These FAQs were updated as of July 1, 2020. A print version is available here.

 

Safe Harbor, QACA & SIMPLE Plans

SH1: What do you believe the likelihood is of relief for plan sponsors from the 30-day advance notice for suspending safe harbor contributions?

A: In Notice 2020-52, the IRS provided that plans that adopted an amendment between March 13, 2020, and August 31, 2020, to reduce or suspend safe harbor nonelective contributions will NOT be treated as failing the 30-day notice requirements if the supplemental notice is provided no later than August 31, 2020, and if the plan amendment is adopted no later than the effective date of the reduction or suspension. The relief is not applicable to plans that suspend or reduce the safe harbor matching contributions.
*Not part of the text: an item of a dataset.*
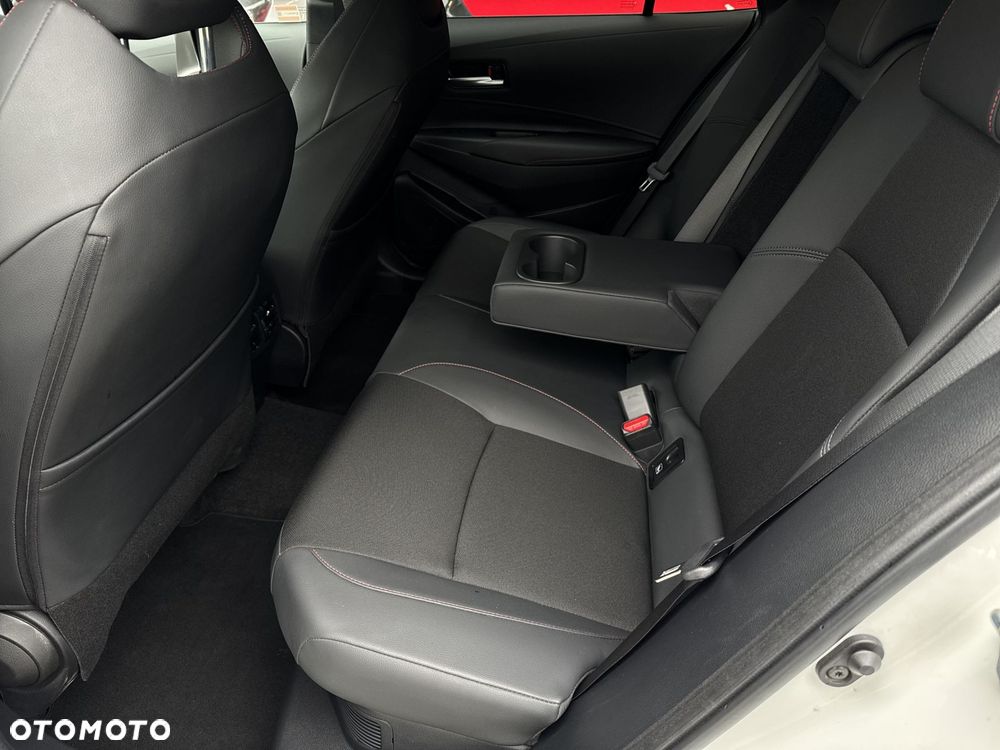 Toyota Corolla 2.0 Hybrid GR Sport Dynamic - 33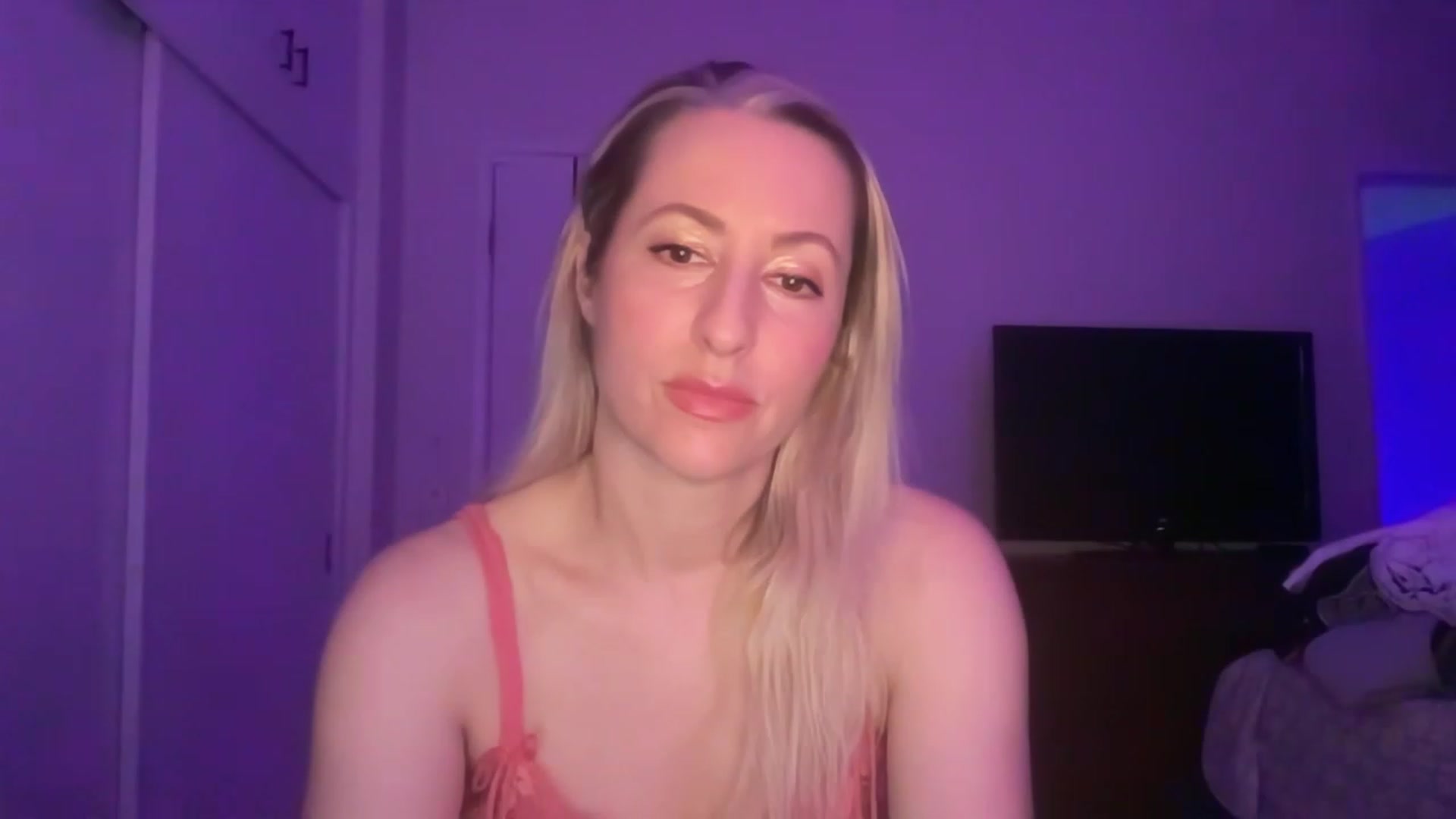 Gallery image thumbnail from Venmome's myfreecams stream on, 02/17/2023, 03:26 image 3 of 20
Note: In Notice 2020-52, the IRS clarified that, since HCEs are not required by law to receive safe harbor contributions, amending a plan to eliminate them will not be considered a suspension of the safe harbor; rather it is a permissible mid-year amendment as defined by Notice 2016-16. Therefore, a new notice and election opportunity must be provided to the impacted HCEs.

SH2: If a plan sponsor chooses to suspend their safe harbor 3% nonelective contribution now, can they restart later in the year if business is better? What if it is a match safe harbor?

A: A matching safe harbor plan can generally not be added once the plan year has begun. However, neither the law nor the regulations address this issue with respect to the nonelective contribution. There doesn’t appear to be anything in the law precluding this, particularly in light of the SECURE Act, which allows a plan sponsor to add a nonelective safe harbor plan after the plan year has ended.

SH3: If a plan sponsor ceases the safe harbor contribution during the 2020 plan year, when is the contribution due?

A: By the due date of the 2020 tax return, including extensions. This is the same as ongoing plans.

SH4: Is there any relief for employers with SIMPLE IRA plans? Do you see any possibility of SIMPLE IRA plan sponsors being able to terminate their SIMPLE IRA plan mid-year or skip their matches for 2020?

A: We have received a lot of inquiries about SIMPLE IRA plan funding. Based on past experience, if relief is granted to safe harbor 401(k) plans it most likely will be for SIMPLE IRAs as well.

SH5: When a QACA safe harbor is suspended mid-year, do plans default to EACA when the Safe Harbor piece is removed? Does a new auto-enroll notice need to be drafted or is the current notice provided with the Safe Harbor suspension notice? I have two clients suspending their Safe Harbor match and neither recordkeeper has said anything about the automatic enrollment notice, or how auto-enroll will work. With both, we requested EACA and I have requests in regarding the notice, but curious if there’s a general default process here that should be followed.

A: A plan’s eligibility requirements and methodology do not change upon the amending out of Safe Harbor status – unless the amendment to suspend the contributions also changes the automatic enrollment feature of the plan. Note that we don’t have guidance regarding mid-year amendments to EACA features, but most believe the same rules for mid-year amendments to a safe harbor plan would also apply to an EACA.  

SH6: Do you know how true-ups are handled with a mid-year suspension? Are they still required and simply made form start of the plan year to suspension? I could see this piece getting missed if required. 

A: This is something that should be addressed as part of the suspension amendment, and it’s probably often overlooked. If overlooked, it would be open to different interpretations. For example, the suspension means the true-up is also suspended. Or, the suspension means that the true-up is applied to matching contributions made up to the point of the suspension, but still on a full annualized plan year basis (odd result but this could be a reasonable interpretation).